## Your objective
Reproduce the listing word for word, leaving every picture behind.

## Supplied material
▼▼▼
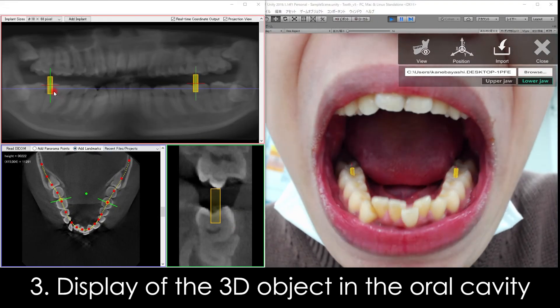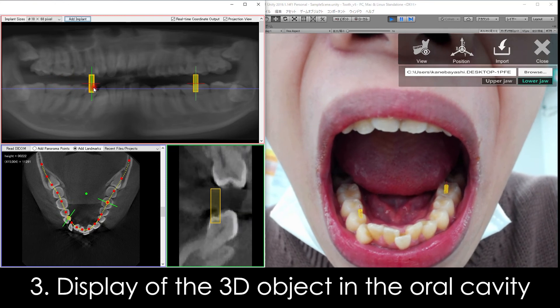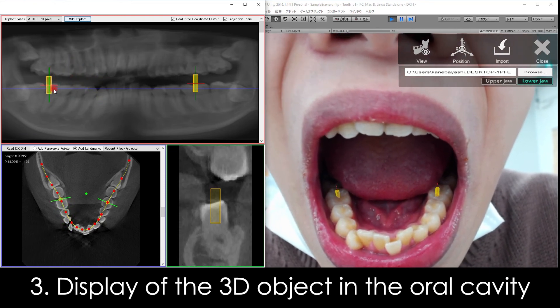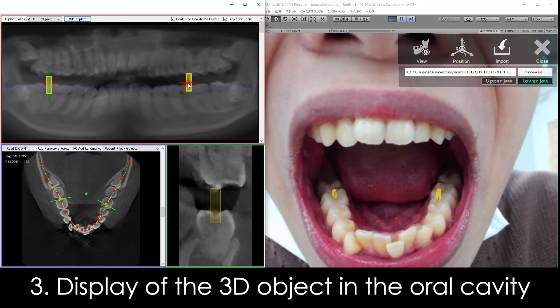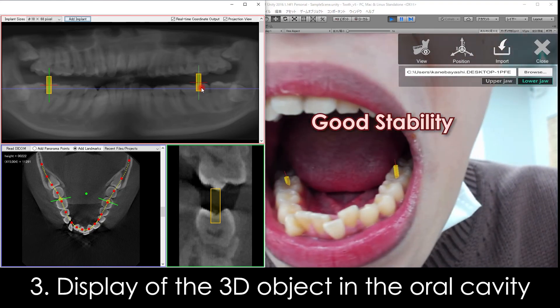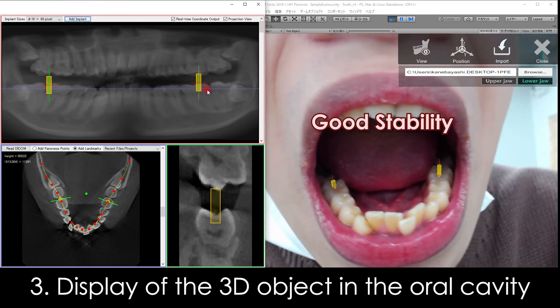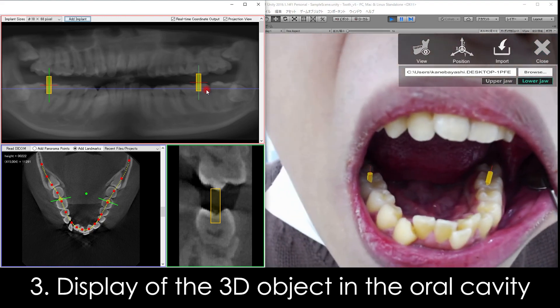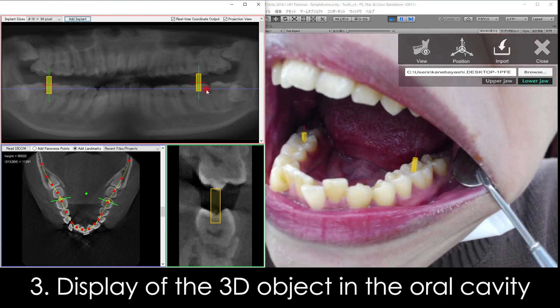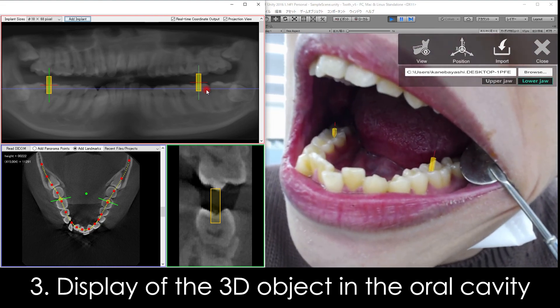We examined our system in the staff's oral cavity. The 3D objects move in conjunction with the implants on the simulation software screen, and these 3D objects are also very stable. Unlike the plate-type surgical navigation systems, our system has nothing to interfere with the operation in the oral cavity.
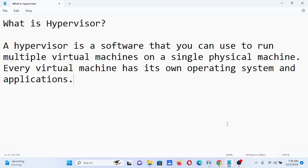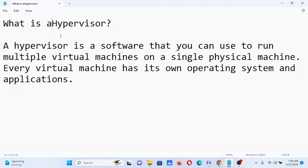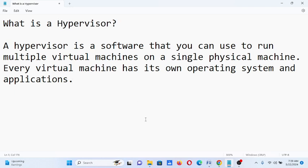Good day everyone, welcome to my channel. In this video we will talk about what is a hypervisor. Before we start, I would like to say thank you so much to all my viewers and supporters in my channel. Thank you for watching my videos. If you are new to my channel and you like this video, please hit the like button, don't forget to share, and please support my channel by clicking the subscribe button.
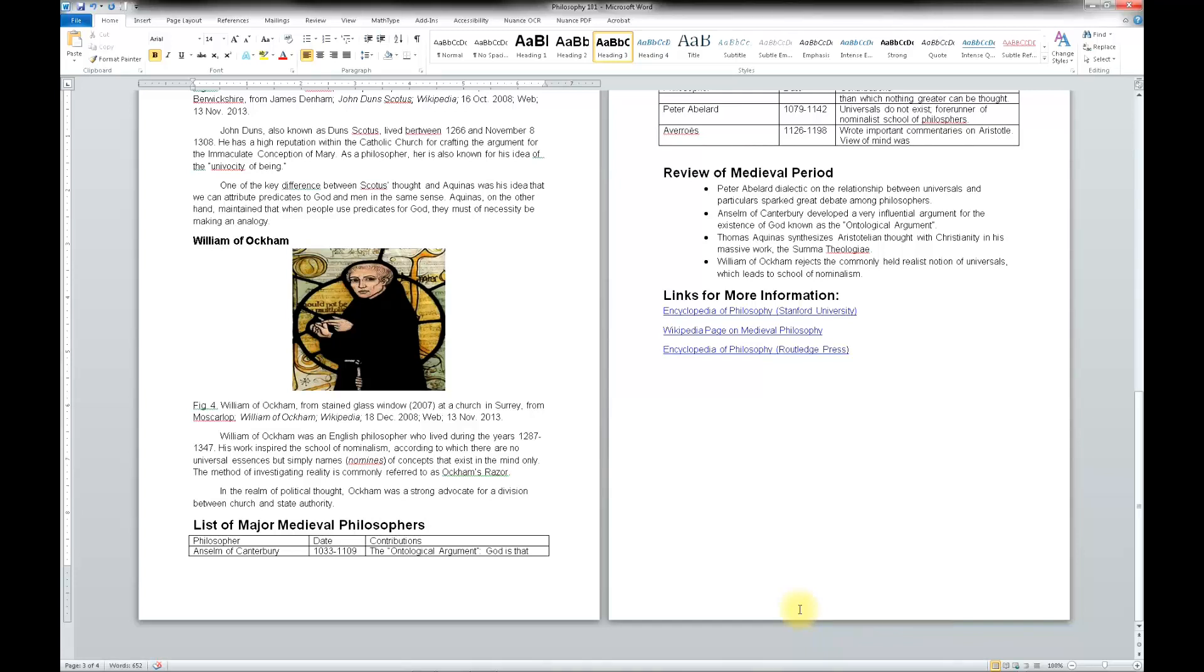In this video, I will be demonstrating what a screen reader user experiences when using Microsoft Word. I will be working with two documents, one accessible and one that is not accessible.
▲▲▲
## Response below
We examined our system in the staff's oral cavity. The 3D objects move in conjunction with the implants on the simulation software screen, and these 3D objects are also very stable. Unlike the plate-type surgical navigation systems, our system has nothing to interfere with the operation in the oral cavity.
Good day everyone, welcome to my channel. In this video we will talk about what is a hypervisor. Before we start, I would like to say thank you so much to all my viewers and supporters in my channel. Thank you for watching my videos. If you are new to my channel and you like this video, please hit the like button, don't forget to share, and please support my channel by clicking the subscribe button.
In this video, I will be demonstrating what a screen reader user experiences when using Microsoft Word. I will be working with two documents, one accessible and one that is not accessible.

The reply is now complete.